Context
In my quest to showcase my coding prowess in both Python and CUDA, and to prove my adeptness at seamlessly navigating diverse codebases, I sought out an opportunity for contribution. The natural choice was PyTorch, a prominent open-source machine learning library. What better way to demonstrate my versatility than by engaging with a project at the forefront of the deep learning landscape? PyTorch presented the perfect challenge, requiring a blend of Python expertise and an understanding of CUDA for efficient GPU acceleration. By diving into this vibrant community, I aimed to contribute substantively and underscore my ability to transition seamlessly between programming languages and tackle intricate, large-scale codebases. It's a journey of skill validation and a testament to my commitment to mastering the intricacies of cutting-edge technologies. 🚀🐍🔥
Finding an issue
My initial foray into contributing to PyTorch involved the crucial step of identifying a suitable issue to tackle. Navigating through the repository, I honed in on issues tagged with "good first issue" labels, recognizing them as ideal entry points for newcomers like myself. These labels serve as beacons for code changes that are not only manageable but also self-contained, providing a perfect starting ground for someone newly acquainted with the project. In this way, I aimed to ensure that my initial contribution would be a positive and constructive addition to the PyTorch codebase. The "good first issue" label became my compass, guiding me toward an opportunity to make a meaningful impact while acclimating to the intricacies of the PyTorch ecosystem. 🌱👩💻🔍
I chose this issue: https://github.com/pytorch/pytorch/issues/113198
It was really easy to replicate the error, and there was already a minor discussion about the starting point and some strategies.
The bug was because, for CUDA tensors, a user couldn't call a pow
function using Tensor and Boolean as arguments. It was generating an error message about that.
In [52]: torch.pow(torch.tensor([1, 2]), True)
Out[52]: tensor([1, 2])
In [53]: torch.pow(torch.tensor([1, 2], device='cuda'), True)
---------------------------------------------------------------------------
RuntimeError Traceback (most recent call last)
Cell In[53], line 1
----> 1 torch.pow(torch.tensor([1, 2], device='cuda'), True)
RuntimeError: false INTERNAL ASSERT FAILED at "/home/isuruf/git/pytorch/aten/src/ATen/native/cuda/PowKernel.cu":199, please report a bug to PyTorch. invalid combination of type in Pow function, common dtype:Longexp is integral?0
The maintainer wanted just to disable this possibility because sending a boolean as an exponent is kind of strange, to say the least.
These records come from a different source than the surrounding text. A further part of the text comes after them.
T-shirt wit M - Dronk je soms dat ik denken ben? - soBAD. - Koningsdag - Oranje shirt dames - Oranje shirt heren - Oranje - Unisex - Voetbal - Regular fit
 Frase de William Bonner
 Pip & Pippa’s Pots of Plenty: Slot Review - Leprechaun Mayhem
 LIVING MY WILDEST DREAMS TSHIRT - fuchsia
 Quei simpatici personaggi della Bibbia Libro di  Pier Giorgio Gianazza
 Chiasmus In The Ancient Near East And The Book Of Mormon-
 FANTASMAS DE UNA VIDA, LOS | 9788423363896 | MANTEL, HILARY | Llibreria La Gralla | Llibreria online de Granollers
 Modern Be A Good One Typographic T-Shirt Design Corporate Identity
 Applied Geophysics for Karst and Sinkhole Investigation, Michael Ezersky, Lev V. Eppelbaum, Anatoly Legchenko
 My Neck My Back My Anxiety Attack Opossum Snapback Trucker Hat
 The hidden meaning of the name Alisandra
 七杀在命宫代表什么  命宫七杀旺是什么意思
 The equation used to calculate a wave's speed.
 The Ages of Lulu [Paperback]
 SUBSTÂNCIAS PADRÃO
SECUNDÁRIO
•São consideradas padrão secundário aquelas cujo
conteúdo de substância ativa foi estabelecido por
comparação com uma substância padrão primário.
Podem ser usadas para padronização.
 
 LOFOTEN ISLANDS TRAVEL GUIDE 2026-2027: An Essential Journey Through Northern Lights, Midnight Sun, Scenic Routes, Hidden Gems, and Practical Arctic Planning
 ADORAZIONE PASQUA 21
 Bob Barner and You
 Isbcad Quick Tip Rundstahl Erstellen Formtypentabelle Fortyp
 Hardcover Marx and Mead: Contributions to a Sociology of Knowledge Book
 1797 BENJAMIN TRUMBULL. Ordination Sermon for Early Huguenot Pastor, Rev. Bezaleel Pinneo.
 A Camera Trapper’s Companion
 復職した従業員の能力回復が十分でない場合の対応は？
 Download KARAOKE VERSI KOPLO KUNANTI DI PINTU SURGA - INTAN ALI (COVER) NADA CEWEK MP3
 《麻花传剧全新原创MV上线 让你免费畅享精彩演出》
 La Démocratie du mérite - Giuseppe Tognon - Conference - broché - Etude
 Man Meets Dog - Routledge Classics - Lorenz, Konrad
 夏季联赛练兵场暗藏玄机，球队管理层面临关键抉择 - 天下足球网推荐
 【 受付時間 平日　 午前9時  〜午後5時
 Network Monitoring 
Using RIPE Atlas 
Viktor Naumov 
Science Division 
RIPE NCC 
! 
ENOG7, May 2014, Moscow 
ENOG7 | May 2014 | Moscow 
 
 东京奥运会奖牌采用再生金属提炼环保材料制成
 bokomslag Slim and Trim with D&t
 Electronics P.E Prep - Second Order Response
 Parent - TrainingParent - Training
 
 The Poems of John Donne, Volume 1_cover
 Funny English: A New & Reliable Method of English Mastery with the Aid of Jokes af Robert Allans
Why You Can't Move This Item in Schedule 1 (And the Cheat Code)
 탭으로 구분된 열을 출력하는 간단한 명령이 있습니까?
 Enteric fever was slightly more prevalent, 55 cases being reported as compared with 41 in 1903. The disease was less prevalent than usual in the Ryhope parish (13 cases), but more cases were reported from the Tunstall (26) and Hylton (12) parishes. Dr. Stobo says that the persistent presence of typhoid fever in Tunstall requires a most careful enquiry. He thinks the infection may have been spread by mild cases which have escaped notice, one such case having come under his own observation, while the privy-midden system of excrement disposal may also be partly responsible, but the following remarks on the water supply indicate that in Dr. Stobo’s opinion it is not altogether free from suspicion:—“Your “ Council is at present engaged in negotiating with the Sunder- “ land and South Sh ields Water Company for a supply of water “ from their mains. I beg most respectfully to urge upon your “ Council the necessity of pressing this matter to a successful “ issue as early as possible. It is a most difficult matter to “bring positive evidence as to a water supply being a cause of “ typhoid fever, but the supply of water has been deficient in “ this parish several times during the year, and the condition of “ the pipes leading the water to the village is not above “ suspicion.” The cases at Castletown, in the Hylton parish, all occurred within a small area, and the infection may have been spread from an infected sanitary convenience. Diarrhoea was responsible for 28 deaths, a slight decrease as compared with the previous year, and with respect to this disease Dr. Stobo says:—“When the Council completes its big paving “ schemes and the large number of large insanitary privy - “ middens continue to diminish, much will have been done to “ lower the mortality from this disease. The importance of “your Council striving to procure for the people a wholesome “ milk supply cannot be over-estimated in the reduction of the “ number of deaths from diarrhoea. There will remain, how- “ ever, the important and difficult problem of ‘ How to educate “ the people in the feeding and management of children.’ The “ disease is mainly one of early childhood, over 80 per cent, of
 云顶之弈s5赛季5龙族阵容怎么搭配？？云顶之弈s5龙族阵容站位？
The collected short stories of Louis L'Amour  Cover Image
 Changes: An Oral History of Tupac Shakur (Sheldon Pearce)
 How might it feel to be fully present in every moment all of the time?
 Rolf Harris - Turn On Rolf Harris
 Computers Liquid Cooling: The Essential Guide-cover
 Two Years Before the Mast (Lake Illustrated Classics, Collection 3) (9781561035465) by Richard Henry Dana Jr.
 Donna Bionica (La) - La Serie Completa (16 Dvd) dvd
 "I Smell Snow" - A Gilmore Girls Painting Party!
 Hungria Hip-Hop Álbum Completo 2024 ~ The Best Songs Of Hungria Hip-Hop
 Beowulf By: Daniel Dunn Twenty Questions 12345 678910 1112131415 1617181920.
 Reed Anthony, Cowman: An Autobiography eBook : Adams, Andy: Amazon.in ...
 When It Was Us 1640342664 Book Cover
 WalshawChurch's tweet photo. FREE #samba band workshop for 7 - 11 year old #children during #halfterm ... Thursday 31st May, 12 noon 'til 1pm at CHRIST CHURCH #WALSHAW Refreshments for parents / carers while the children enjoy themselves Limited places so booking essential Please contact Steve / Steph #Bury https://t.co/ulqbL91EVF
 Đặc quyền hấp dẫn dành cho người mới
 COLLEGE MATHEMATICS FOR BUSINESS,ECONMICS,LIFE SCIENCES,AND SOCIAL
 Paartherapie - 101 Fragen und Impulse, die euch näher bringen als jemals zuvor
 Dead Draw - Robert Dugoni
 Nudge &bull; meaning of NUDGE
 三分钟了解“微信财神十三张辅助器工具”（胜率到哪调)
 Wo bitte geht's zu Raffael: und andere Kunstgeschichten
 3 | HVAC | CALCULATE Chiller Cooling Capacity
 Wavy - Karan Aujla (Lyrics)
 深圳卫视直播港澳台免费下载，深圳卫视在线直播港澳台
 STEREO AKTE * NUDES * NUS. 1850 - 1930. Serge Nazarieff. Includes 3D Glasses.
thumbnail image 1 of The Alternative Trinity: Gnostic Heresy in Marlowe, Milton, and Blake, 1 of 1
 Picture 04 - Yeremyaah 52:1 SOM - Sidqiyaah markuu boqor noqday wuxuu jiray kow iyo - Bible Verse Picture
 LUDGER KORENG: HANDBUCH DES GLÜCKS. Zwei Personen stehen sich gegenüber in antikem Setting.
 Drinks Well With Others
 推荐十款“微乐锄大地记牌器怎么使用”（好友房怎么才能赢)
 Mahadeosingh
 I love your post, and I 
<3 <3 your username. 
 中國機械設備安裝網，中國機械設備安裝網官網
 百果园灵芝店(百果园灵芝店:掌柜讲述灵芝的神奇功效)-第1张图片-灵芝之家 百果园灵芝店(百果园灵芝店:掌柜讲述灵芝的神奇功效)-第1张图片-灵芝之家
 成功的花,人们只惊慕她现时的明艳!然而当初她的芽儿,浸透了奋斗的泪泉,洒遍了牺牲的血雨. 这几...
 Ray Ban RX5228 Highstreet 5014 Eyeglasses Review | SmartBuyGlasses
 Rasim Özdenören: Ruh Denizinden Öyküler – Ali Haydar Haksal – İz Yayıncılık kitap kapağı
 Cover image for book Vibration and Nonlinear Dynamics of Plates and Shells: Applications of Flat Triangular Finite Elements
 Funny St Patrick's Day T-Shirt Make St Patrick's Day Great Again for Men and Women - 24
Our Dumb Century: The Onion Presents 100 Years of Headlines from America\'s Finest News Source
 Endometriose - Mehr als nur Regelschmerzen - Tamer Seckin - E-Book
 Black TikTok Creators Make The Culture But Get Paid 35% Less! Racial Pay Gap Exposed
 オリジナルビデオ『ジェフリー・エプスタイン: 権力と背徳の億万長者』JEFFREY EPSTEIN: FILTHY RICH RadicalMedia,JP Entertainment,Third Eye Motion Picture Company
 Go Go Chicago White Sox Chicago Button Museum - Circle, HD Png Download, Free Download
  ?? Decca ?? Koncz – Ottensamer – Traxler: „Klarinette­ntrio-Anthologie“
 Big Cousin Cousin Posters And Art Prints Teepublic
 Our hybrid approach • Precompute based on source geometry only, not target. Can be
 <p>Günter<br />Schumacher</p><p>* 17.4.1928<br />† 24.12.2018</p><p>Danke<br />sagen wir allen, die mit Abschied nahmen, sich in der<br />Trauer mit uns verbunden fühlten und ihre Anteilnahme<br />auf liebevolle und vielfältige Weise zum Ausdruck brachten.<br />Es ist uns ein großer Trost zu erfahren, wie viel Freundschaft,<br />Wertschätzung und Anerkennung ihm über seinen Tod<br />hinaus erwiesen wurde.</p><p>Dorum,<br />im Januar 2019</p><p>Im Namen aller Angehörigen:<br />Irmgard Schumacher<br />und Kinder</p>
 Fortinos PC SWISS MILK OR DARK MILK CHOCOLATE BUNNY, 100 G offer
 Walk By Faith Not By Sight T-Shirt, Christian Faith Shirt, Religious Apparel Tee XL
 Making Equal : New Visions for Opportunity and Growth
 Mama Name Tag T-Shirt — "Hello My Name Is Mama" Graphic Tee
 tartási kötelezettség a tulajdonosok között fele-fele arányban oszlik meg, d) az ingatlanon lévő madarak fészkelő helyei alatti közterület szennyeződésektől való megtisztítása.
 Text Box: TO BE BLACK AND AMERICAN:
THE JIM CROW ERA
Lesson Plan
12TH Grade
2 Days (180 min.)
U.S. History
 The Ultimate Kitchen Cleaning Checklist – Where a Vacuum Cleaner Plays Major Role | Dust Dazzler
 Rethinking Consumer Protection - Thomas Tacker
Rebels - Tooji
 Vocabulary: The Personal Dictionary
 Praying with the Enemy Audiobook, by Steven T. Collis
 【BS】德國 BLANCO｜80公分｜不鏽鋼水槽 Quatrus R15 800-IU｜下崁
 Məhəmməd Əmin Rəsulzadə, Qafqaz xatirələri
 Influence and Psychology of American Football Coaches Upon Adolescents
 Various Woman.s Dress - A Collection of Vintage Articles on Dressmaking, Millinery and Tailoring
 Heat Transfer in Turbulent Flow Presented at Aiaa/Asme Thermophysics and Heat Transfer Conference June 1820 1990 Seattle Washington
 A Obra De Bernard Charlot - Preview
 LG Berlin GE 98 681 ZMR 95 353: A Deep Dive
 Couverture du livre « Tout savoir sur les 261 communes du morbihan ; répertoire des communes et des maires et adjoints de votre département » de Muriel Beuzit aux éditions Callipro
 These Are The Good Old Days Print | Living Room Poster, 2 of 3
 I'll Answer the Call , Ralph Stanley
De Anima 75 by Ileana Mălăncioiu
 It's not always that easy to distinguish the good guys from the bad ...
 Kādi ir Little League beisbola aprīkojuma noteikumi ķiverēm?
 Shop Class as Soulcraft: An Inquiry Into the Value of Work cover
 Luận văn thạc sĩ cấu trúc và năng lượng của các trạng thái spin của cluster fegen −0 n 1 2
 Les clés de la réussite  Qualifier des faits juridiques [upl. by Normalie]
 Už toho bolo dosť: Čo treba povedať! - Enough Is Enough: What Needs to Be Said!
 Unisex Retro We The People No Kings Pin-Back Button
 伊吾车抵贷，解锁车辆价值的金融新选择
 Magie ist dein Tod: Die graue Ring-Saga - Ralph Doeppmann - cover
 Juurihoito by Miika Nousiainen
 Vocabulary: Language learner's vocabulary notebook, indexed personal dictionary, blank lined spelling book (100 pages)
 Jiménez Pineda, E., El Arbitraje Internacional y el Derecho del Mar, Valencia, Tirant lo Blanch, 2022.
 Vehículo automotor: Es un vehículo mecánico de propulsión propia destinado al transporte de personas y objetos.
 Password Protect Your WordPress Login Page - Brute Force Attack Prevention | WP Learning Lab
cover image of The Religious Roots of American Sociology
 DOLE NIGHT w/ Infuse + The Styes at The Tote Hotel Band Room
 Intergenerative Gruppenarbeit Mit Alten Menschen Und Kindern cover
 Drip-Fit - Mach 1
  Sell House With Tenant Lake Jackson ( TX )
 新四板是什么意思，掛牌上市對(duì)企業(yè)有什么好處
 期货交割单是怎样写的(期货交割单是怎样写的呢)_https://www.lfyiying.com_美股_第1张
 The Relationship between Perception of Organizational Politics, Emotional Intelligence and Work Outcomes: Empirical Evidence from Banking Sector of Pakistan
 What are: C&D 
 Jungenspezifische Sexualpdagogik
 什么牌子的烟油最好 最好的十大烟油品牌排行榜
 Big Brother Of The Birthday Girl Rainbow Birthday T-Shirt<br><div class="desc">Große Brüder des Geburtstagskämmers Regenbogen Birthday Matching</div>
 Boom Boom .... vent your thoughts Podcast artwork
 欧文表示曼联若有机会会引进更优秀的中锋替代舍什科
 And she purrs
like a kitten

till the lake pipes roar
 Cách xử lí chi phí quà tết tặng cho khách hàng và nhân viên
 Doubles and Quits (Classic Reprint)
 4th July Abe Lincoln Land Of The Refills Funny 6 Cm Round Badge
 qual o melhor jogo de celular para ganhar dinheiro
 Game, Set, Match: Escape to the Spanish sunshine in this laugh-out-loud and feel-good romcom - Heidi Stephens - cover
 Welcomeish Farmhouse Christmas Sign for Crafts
However, other people with the same issues were discussing that they were expecting the same already existing behaviour considering CPU tensors. Also removing this possibility could cause some compatibility breaks.
Reading through Python's official documentation, I discovered that booleans in Python are a subtype of integers, so it actually made sense that someone would try to use them as an integer exponent.
The last thing to convince me that this would be a good idea was:
x=True
x+x
2
So I decided to write code to support a boolean as an argument, even if the maintainer wanted the opposite. As it would be a minor change, I didn't mind writing the code to bring this discussion. Sometimes, I think it's better to start a discussion with a working code to showcase the solution and its implications. It worked out in the end! 😉
Starting to work
Compiling PyTorch
So, kicking off any software gig involves just building the darn thing as is; no tweaks are allowed. 🏗️ Sounds easy, right? Well, hold your horses! It's like trying to tame a wild beast because software projects are this crazy maze of environments and dependencies. 🤯 Getting that baseline set without messing around is a bit like laying the groundwork for an epic adventure. You gotta grasp all the nitty-gritty stuff before diving into the cool customization part. This seemingly basic step is actually a secret weapon—it’s the key to tackling all the twists and turns in the software jungle. 🌐✨
Compilation instructions
https://github.com/pytorch/pytorch#from-source
I won't repeat their instructions here because that is subject to change, and then whatever I write here will become obsolete.
Just remember, use conda
because it will definitely make your life easier.
When you finally type python setup.py develop
, be prepared to wait for some hours if you're using your personal computer. Unless you have a really high-end machine, that is going to take a while. Cross your fingers that you have more luck than me and that everything goes great so you don't have to start all over again.
Problem with GCC13
My First problem was that it wasn't working for gcc13 for some CUDA code. So, I had to install gcc12 and set CC and CXX for gcc12.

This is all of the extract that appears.